Start of Extracted information

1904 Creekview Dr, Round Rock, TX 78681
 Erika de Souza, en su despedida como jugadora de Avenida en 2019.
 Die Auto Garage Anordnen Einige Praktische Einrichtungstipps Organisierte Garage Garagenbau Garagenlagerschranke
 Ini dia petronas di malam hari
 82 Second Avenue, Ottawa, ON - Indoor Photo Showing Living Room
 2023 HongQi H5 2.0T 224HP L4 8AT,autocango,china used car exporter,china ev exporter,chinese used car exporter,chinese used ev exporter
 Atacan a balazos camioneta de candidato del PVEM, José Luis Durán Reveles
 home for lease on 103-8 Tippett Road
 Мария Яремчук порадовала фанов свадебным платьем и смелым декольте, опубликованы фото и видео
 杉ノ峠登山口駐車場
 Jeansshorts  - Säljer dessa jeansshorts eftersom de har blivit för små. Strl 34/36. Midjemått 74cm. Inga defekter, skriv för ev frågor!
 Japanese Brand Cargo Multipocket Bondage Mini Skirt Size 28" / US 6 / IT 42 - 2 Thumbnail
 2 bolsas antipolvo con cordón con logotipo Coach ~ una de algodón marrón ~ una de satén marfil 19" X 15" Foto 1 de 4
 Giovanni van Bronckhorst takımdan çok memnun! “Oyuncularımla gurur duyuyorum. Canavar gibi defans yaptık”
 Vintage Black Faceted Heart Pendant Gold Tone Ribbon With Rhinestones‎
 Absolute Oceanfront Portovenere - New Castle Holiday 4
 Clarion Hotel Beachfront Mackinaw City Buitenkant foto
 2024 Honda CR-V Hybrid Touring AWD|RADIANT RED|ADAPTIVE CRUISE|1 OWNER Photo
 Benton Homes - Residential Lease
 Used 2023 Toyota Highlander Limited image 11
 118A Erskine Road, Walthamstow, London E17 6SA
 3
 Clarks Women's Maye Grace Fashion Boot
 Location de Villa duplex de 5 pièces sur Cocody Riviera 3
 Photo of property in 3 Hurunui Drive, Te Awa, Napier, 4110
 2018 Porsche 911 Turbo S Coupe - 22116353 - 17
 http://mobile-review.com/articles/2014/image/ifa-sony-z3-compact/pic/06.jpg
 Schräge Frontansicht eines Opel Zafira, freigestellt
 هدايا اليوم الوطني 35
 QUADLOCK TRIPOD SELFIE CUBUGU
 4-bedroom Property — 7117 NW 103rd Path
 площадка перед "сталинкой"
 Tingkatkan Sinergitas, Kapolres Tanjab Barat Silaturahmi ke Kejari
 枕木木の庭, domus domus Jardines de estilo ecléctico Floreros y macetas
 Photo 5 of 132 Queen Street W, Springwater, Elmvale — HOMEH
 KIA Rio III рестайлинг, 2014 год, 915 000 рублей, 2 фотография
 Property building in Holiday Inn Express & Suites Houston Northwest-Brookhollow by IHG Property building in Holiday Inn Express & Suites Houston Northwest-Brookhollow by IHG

End of Extracted information

Exercise objective
Look through the records above for the string "Holiday", then copy every line that has it.

Response to the exercise
 Absolute Oceanfront Portovenere - New Castle Holiday 4
 Property building in Holiday Inn Express & Suites Houston Northwest-Brookhollow by IHG Property building in Holiday Inn Express & Suites Houston Northwest-Brookhollow by IHG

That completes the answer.